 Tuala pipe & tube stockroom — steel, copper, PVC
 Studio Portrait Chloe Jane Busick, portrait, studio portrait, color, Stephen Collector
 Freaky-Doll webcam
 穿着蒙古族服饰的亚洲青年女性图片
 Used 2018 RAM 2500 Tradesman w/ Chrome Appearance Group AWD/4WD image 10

* * *

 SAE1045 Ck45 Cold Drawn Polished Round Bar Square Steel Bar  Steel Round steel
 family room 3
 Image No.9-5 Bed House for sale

Task prompt =
Search term "steel": count the lines of the listing in which it appears, and give the number with nothing further.

Result of the exercise =
2